In 2016, the AI program he developed at Google DeepMind, AlphaGo, taught itself how to play the famously difficult game of Go with a kind of mastery that went beyond imitation.
Silver has since founded his own company, Ineffable Intelligence, which aims to build more general forms of artificial superintelligence. Silver says the company will do this by focusing on reinforcement learning, which involves AI models that learn new capabilities through trial and error. The vision is to create “super learners” who exceed human intelligence in many areas.
This approach contrasts with the way most AI companies plan to build superintelligence, by exploiting the programming and searching capabilities of large language models.
Silver, speaking to WIRED from his office in London, says he believes this approach will fail. As great as MBA students are, they learn from human intelligence, rather than building their own.

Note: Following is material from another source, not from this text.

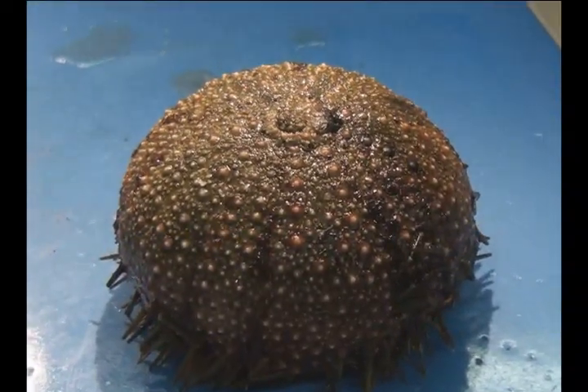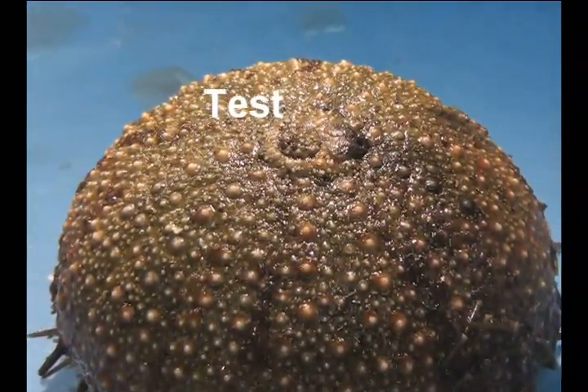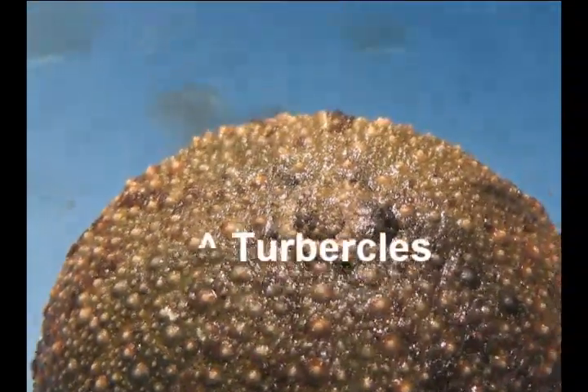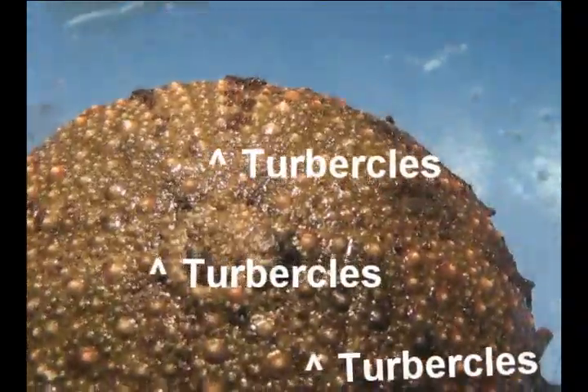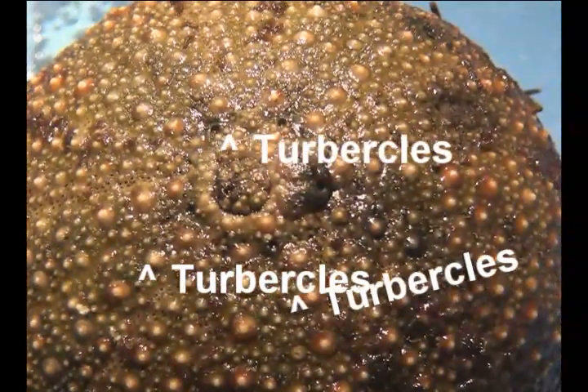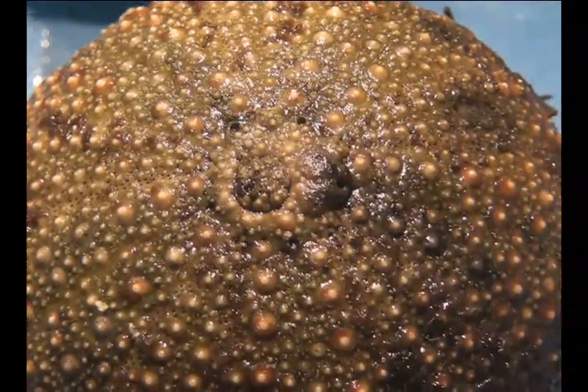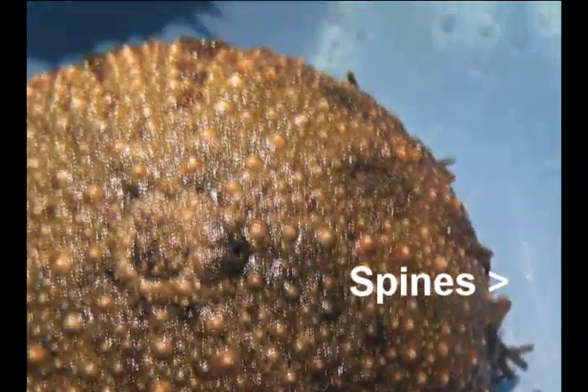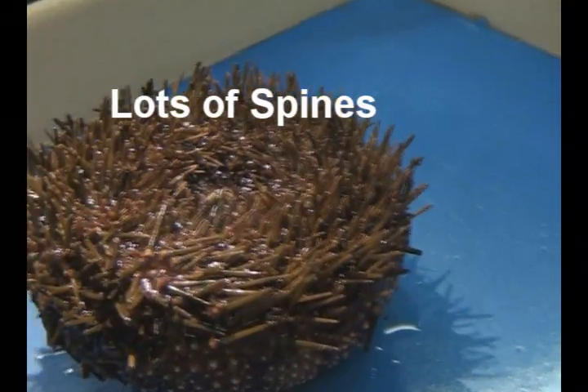Now the outer shell of the sea urchin is known as a test. The small white dots on it are known as tubercles. And off to the side, you can see spine-like projections, which are known as spines. This one has a lot of spines.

“Human data is like a kind of fossil fuel that provides an amazing shortcut,” Silver says. “You can think of self-learning systems as a renewable fuel, something that can learn and learn and learn forever, without limits,” he says.
I’ve met Silver several times, and despite that statement, he’s always struck me as one of the most humble people in the AI field. Sometimes, when he talks about ideas he considers ridiculous, he gives an evil smile. Right now, though, he’s dead serious.
“I think our mission is to make first contact with superintelligence,” he says. “By superintelligence, I mean something truly incredible. It must discover for itself new forms of science, technology, government, or economics.”
Five years ago, such a task might have seemed ridiculous. But technology CEOs now routinely talk about machines surpassing human intelligence and replacing entire classes of workers. The idea that some new technical development might unleash superhuman AI capabilities has recently given rise to a slew of multi-billion-dollar startups.
So far, Ineffable Intelligence has raised $1.1 billion in seed funding at a $5.1 billion valuation, a massive amount by European AI standards. Silver has also recruited top AI researchers from Google DeepMind and other leading labs to join his endeavors.
Silver says he will donate all the money he makes from Ineffable Intelligence stock – a sum that could reach billions if he succeeds – to charity.
“It’s a big responsibility to build a company focused on superintelligence,” he told me. “I believe this is something that needs to be done for the good of humanity, and any money I make from Ineffable will go to high-impact charities that save as many lives as possible.”
Total focus
Silver met Demis Hassabis, CEO of Google DeepMind, at a chess tournament when they were young, and the pair later became lifelong friends and collaborators.
They remained close after Silver left Google DeepMind, which he only did because he wanted to chart an entirely new course. “I feel like it’s really important to have an elite AI lab that’s really focused 100 percent on this approach,” he says. “It’s not just a corner somewhere else reserved for LLM holders.”
The limits of the MBA-based approach can be seen through a simple thought experiment, Silver says. Imagine going back in time and launching a big language model into a world that thought the world was flat. Without the ability to interact with the real world, he says, the system will remain flat-Earther-hungry, even if it continues to improve its code.
However, an AI system that can learn about the world on its own can make its own scientific discoveries.